The Effects of High Turnover in Companies
High turnover means your company is losing a relatively high percentage of employees each year compared with the number of people you hire and employ. While losing poor performers may have benefits, effects of high turnover are typically negative. Understanding how turnover affects your business and developing strategies to combat it is a critical part of human resource management.
High turnover is expensive for companies to manage. Losing an employee may bring costs such as severance pay and administrative tasks such as exit interviews. More critically, you have to go through the recruitment, selection and hiring process all over again. Once you find a new employee, you have to train him, which also costs time and money. Plus, you typically have opportunity costs that result because a new employee can't immediately deliver the same sales or production results as the former one.
Morale in high-turnover companies is typically weak. Organizational culture is the shared norms and value of a collection of employees who work together. Motivating your employees to share the vision of your business and perform at high levels is difficult when colleagues and co-workers are vanishing all around them. Workplace relationships are key to an employee's satisfaction with work. As friends and co-workers leave, remaining employees constantly have to cycle through the process of getting to know new employees.

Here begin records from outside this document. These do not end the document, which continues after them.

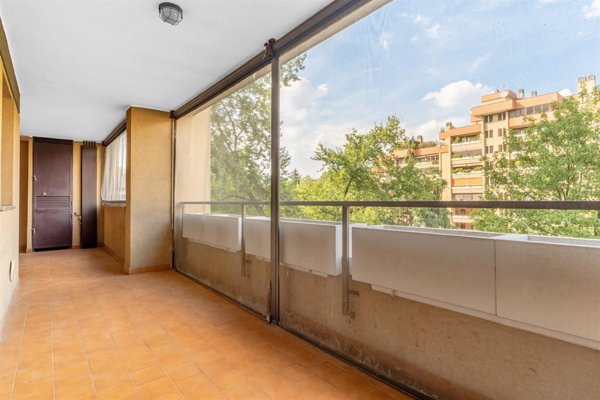 appartamento in vendita a Milano in zona Ronchetto delle Rane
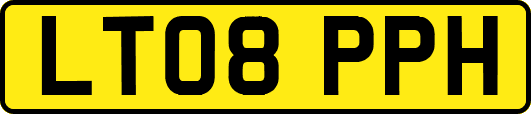 LT08PPH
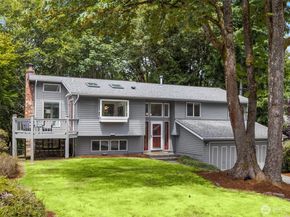 9416 NE 143rd Street, Kirkland WA 98034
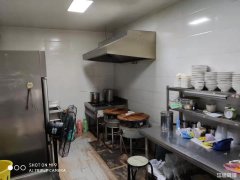 东方龙城学校小区口小吃旺铺低价转让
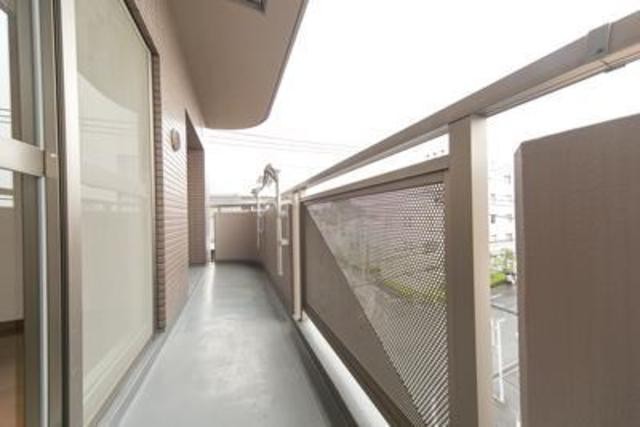 ※写真は同タイプ住戸です。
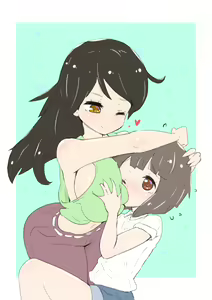 Page 663 of ●PIXIV● べあ＠Skebやってます - preview thumbnail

High turnover means the basic level of experience across your organization is lower than it otherwise would be. Employees with less knowledge and less experience in your business and with their jobs won't produce as well as those who know more about what they are doing. In a production job, the efficiency of production is likely lower. In sales and service jobs, sales results and service satisfaction ratings are affected. The major challenge is that high turnover contributes to a downward spiral that is tough to get out of, since poor performance leads to poor business results, which often forces your company to freeze salaries or cut back on training.
Managers quickly get frustrated with the constantly revolving door of employees. In retail, for instance, a manager finds himself spending so much time hiring and training new employees he can't coach and develop those who have been around. This contributes to longer-term employees getting upset and leaving. Plus, poorly equipped and developed employees place more burden on the manager to work hands-on in the business or store. This takes away from his decision-making and supervisory duties.
One of the worst effects of high turnover is that it requires focus to fix. Some businesses hire consultants to help get out of a turnover rut. As you invest time, money and resources to correct high turnover, you take away from diversifying your business, marketing to new customers and improving on performance.